Home Equity Lines of Credit:

The most common line of credit for consumers is a home equity line of credit (HELOC). With this type of loan, your home equity (that is, the value of your home that you truly "own") serves as collateral. These loans are popular because they allow you to borrow relatively large amounts at relatively low interest rates (compared to credit cards or unsecured loans).

Why is the interest rate lower? Banks consider these loans to be quite safe because they assume you'll repay the line of credit to avoid losing your home in foreclosure.

Your credit limit will be determined, in part, by your loan to value ratio, your credit scores, and your income.

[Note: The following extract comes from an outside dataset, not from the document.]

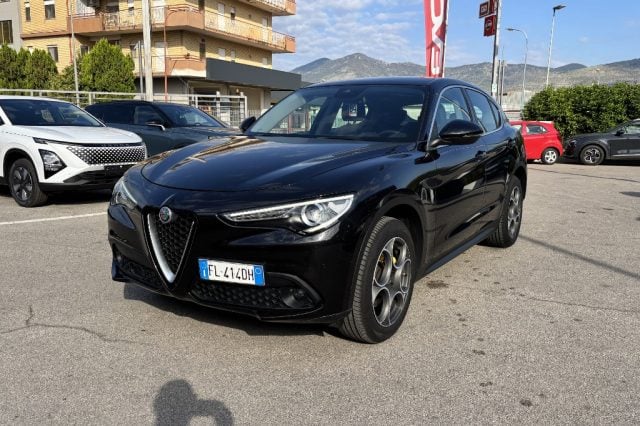 Alfa Romeo Stelvio 2.2 Turbodiesel 210 CV AT8 Q4 Executive - foto 3 di 4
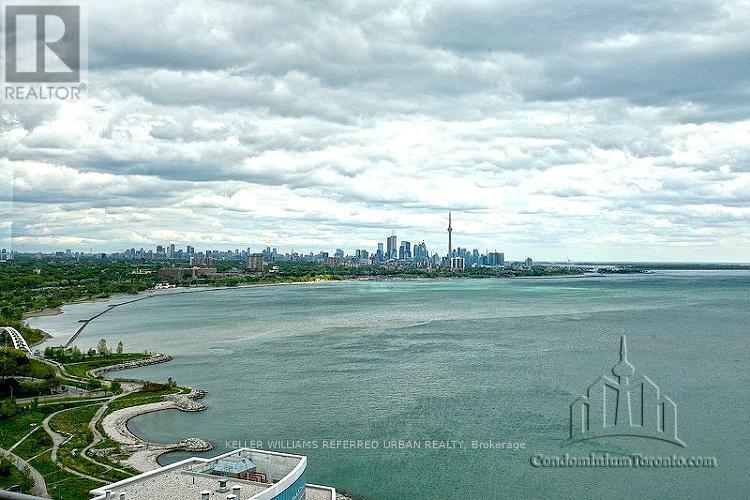 1008 - 2121 Lake Shore Boulevard W, Toronto, Ontario  M8V 4E9 - Photo 37 - W12518890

Line of Credit vs Home Equity Loan:

Sometimes it's helpful to compare and contrast different types of loans. A HELOC is similar to a home equity loan, but there are some important differences.

Generally, a HELOC is more flexible than a home equity loan. You only borrow what you need, and you can typically go back for more money when you need to (as long as you stay below your maximum credit limit, and as long as your lender does not cancel your line of credit unexpectedly). You might use a checkbook or payment card to access your line of credit.

With a home equity loan or "second mortgage," you do it all in one shot. You'll get the entire maximum loan amount in one lump-sum, and you'll have to pay interest on the entire loan balance. With a HELOC, on the other hand, you only owe interest on any outstanding loan balance.

Typically your monthly payments will remain the same each month with a home equity loans, and you'll have a fixed interest rate (or one that only changes periodically). A HELOC will have a variable rate that can change frequently, so monthly payments can vary.

Credit Card Lines of Credit

Again, a line of credit can be very similar to a credit card. In fact, your credit card basically is a line of credit: you get to borrow up to a maximum limit, and you can repay and re-borrow numerous times.

Draw and Repayment Periods:

Your line of credit will have a draw period and a repayment period. During the draw period, you borrow money and use your line of credit. This may last for 10 years or so, and it looks and feels similar to a credit card account. During the repayment period, you repay principal and interest on the loan (see How Amortization Works).

Closing Costs:

Like most loans, lines of credit have closing costs. Factor these in when you make your decisions on lenders and loan types.

Overdraft Line of Credit:

Another type of line of credit is the overdraft line of credit, available in your checking account. That line of credit creates a small loan when you spend more than you have available in checking, and is usually less expensive than an overdraft fee (assuming you only overdraw by a few bucks).